*** SUPPLIED ENTRIES ***
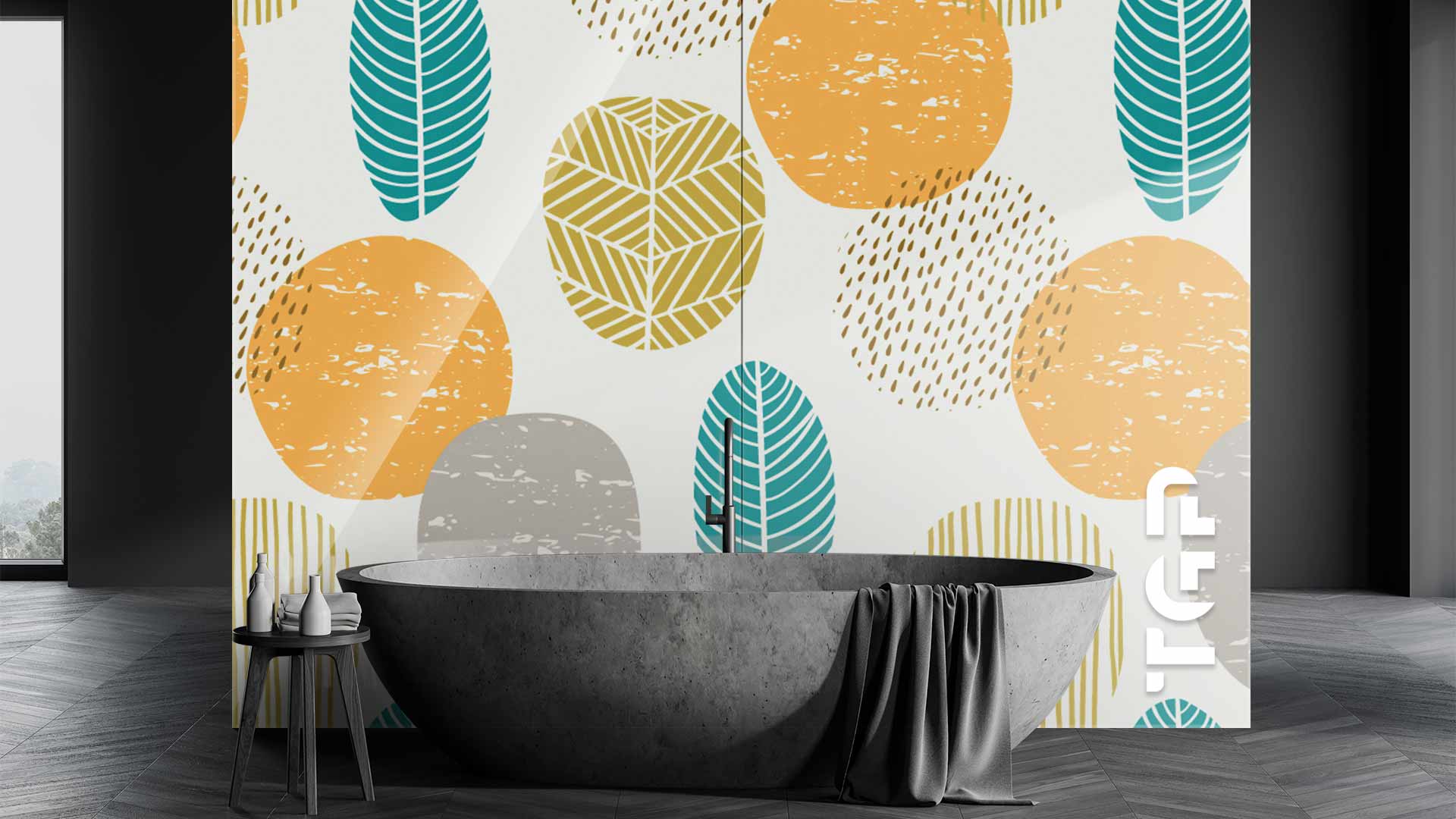 LEF005 Printed glass shower splashback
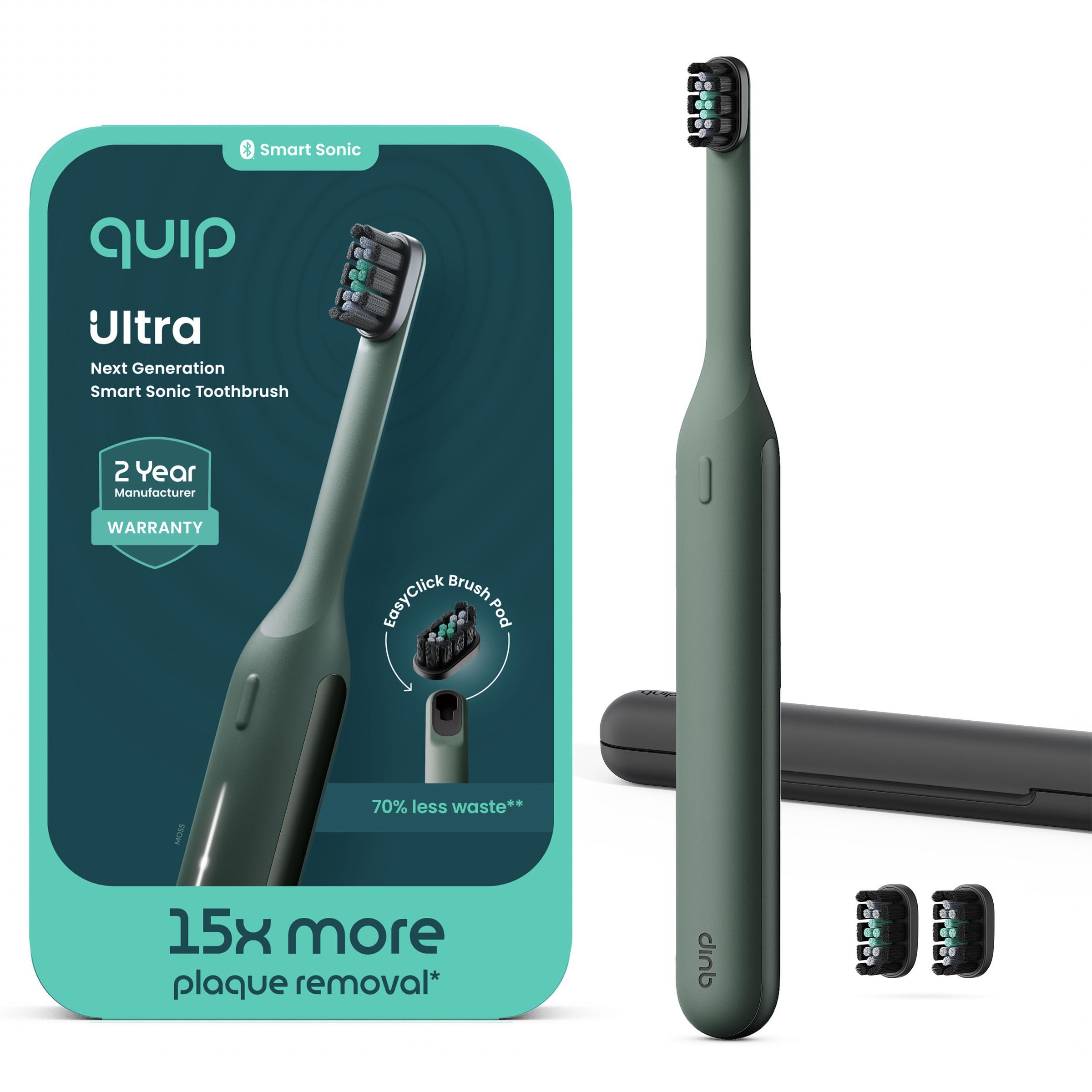 Quip Ultra Next Generation Smart Sonic Toothbrush - Timed Electric Toothbrush for Adults - Replaceable Brush Head, Soft Bristles, Silicone Handle, 30-Day Battery Life, Travel Case - Moss Green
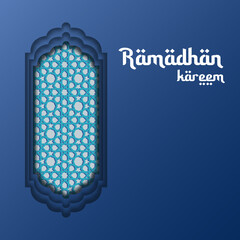 Ramadan Kareem Greeting Card. Ramadhan Mubarak. background Vector illustration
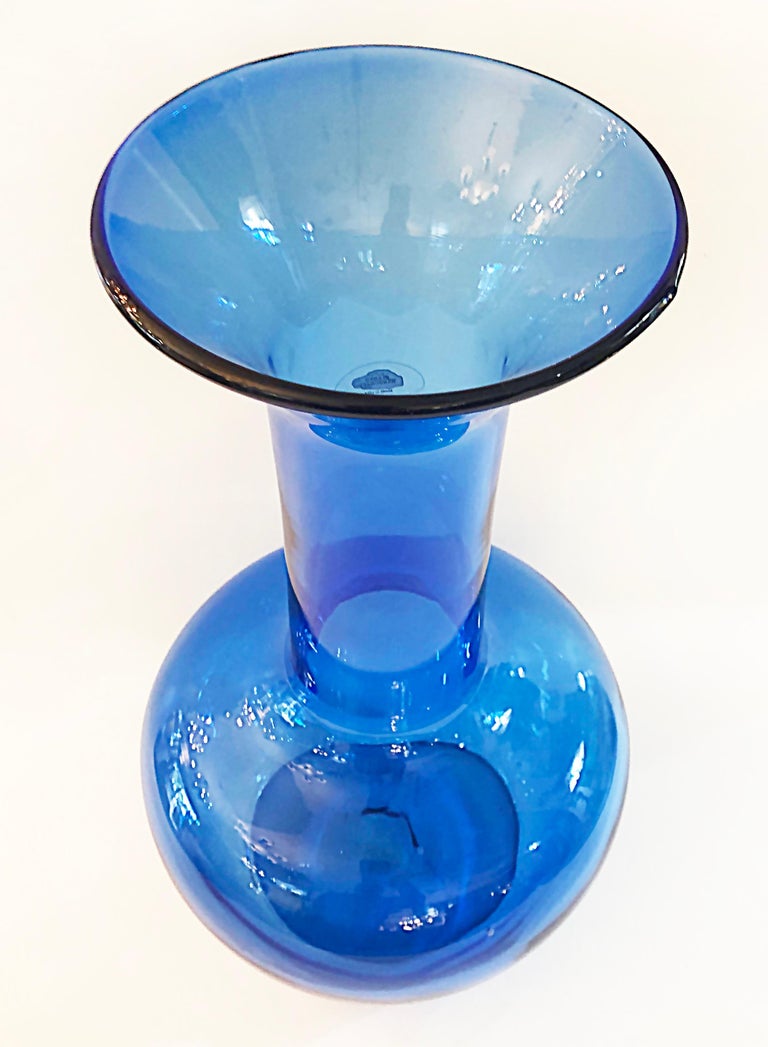 Vintage Blue Bulbous Blenko Blown Glass Vase with Sticker For Sale at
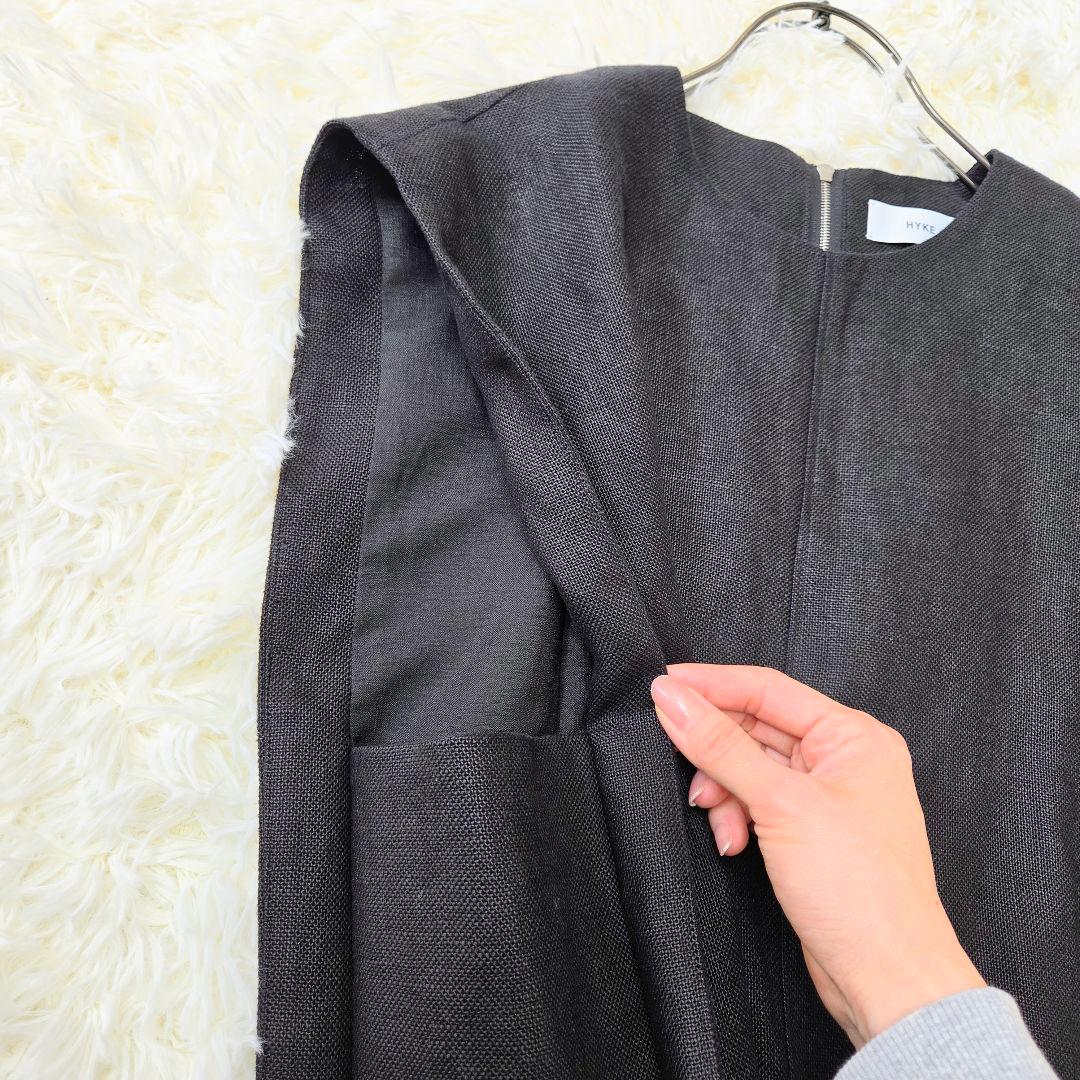 HYKE Linen cropped top クロップド リネン ベスト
*** End of SUPPLIED ENTRIES ***
**WHAT THE TASK ASKS:**
Each word of the data should be repeated exactly, and the pictures left out.

**SOLUTION FOR THIS PROBLEM:**
 LEF005 Printed glass shower splashback
 Quip Ultra Next Generation Smart Sonic Toothbrush - Timed Electric Toothbrush for Adults - Replaceable Brush Head, Soft Bristles, Silicone Handle, 30-Day Battery Life, Travel Case - Moss Green
 Ramadan Kareem Greeting Card. Ramadhan Mubarak. background Vector illustration
 Vintage Blue Bulbous Blenko Blown Glass Vase with Sticker For Sale at
 HYKE Linen cropped top クロップド リネン ベスト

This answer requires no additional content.